Avalanche of new homes in Dubai extends property slump
Dubai's homeowners will have to wait at least a couple more years for a long-running property slump to hit bottom as developers put a record number of new residences on the market this year.
About 31,500 homes will probably be completed this year, more than twice the city's average annual demand over the last five years, according to Craig Plumb, head of Middle East research at broker Jones Lang Lasalle. That compares with the 22,000 homes finished in 2018.
The Dubai property market's long decline since a peak in October 2014 has defied all predictions of a rebound over the last several years. While an oil price slump, fiscal austerity in Saudi Arabia and a strong dollar have driven away potential buyers, construction - much of it by state-controlled developers - hasn't slowed to meet the weaker demand.
Dubai's residential values have slid about 25pc from the 2014 peak, including a 10pc drop last year. JLL expects values to decline by 5pc to 10pc this year. Plumb said he doesn't expect the market to hit bottom until 2021, with the city getting a lift from the World Expo 2020 and the state officials possibly taking steps to stabilise the market by reining in construction.

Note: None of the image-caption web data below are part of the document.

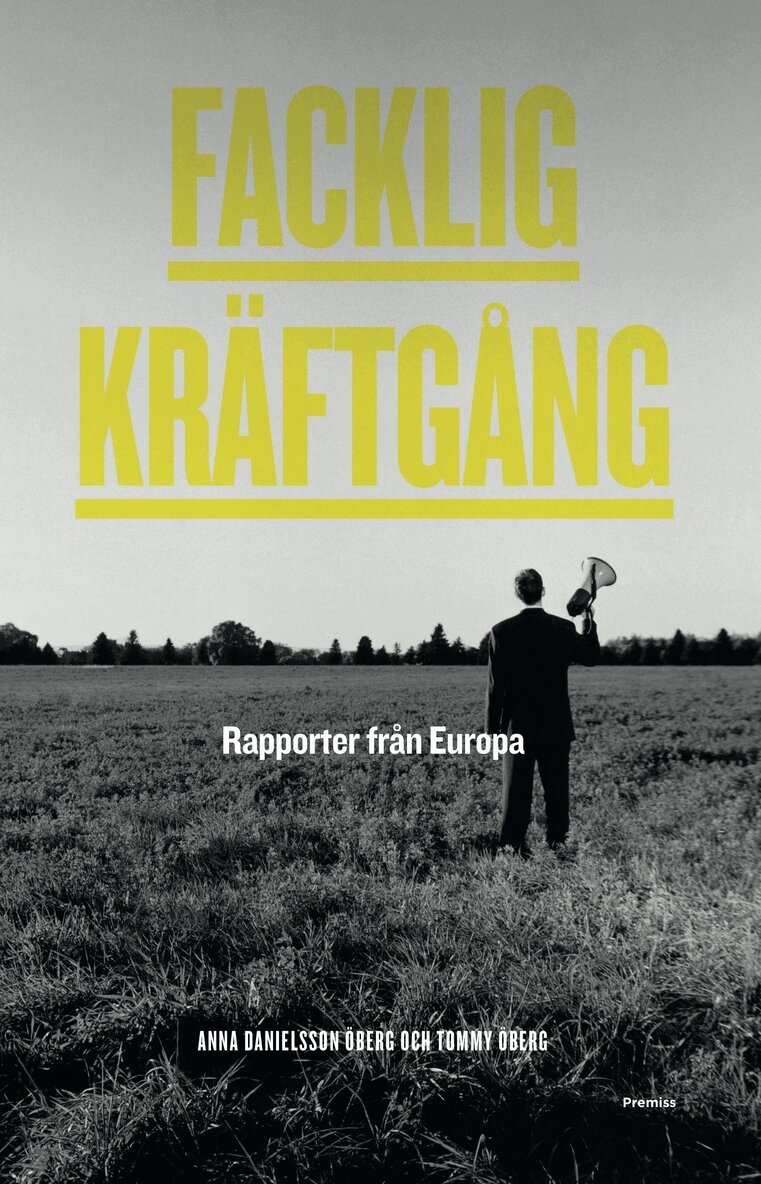 Anna Danielsson Öberg, Tommy Öberg - Facklig kräftgång : rapporter från Europa, Häftad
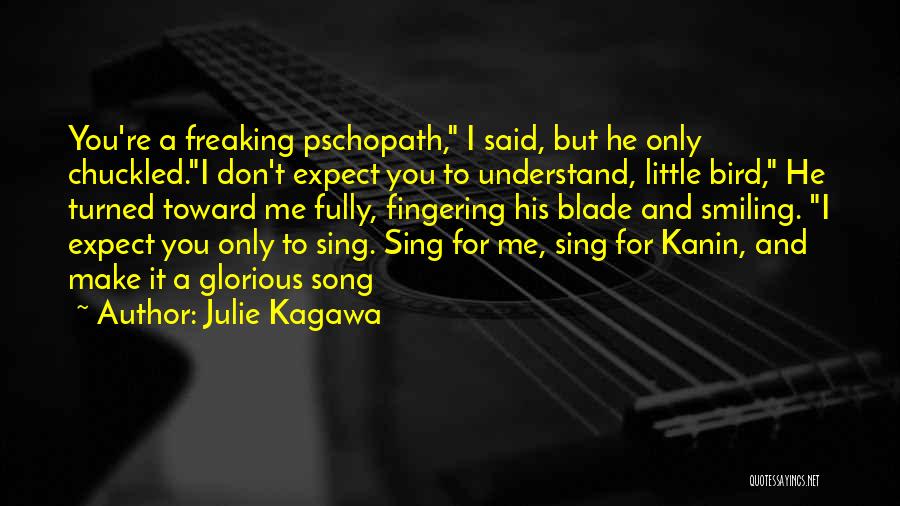 Julie Kagawa Quotes: You're A Freaking Pschopath, I Said, But He Only Chuckled.i Don't Expect You To Understand, Little Bird, He Turned Toward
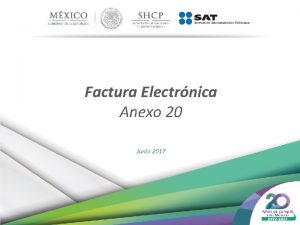 Factura Electrnica Anexo 20 Junio 2017 Objetivo Al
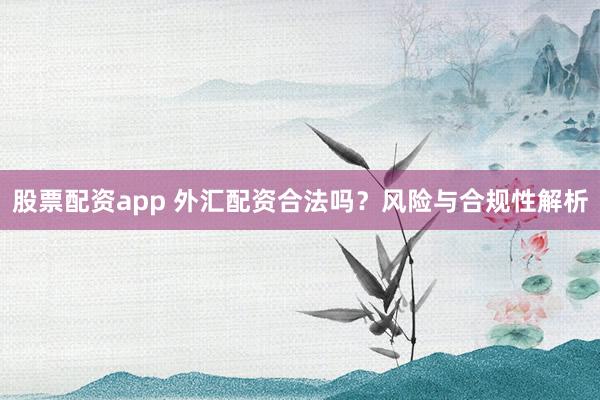 股票配资app 外汇配资合法吗?风险与合规性解析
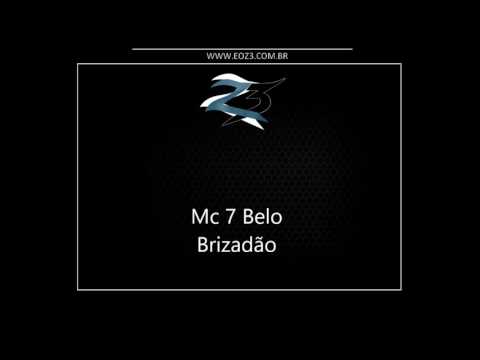 Mc 7 Belo - Brizadão [LANÇAMENTO 2016] [DJ SADALL]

The government owns the developer of man-made islands, Nakheel PJSC and Dubai Properties Group. It also holds 29pc of builder Emaar Properties. PJSC, which built the world's tallest tower in the city.
This time it's different
Ever since the first gleaming towers sprang out of the desert, Dubai has gotten used to rapid change. It's no stranger to boom-and-bust. What's happening now is different: a slow bleed.
The city's iconic builders are ploughing ahead. Cranes are everywhere. But no one is sure who'll occupy all that new retail and office space. Already, Dubai's malls are noticeably less full of stores and restaurants than they once were. Expatriates, the lifeblood of the economy, have started to pack up and go home - or at least talk about it, as the cost of living and doing business surges. Corporate mainstays, from Emirates airline to developer Emaar Properties, just reported disappointing third-quarter profits. The stock market is having its worst year since 2008.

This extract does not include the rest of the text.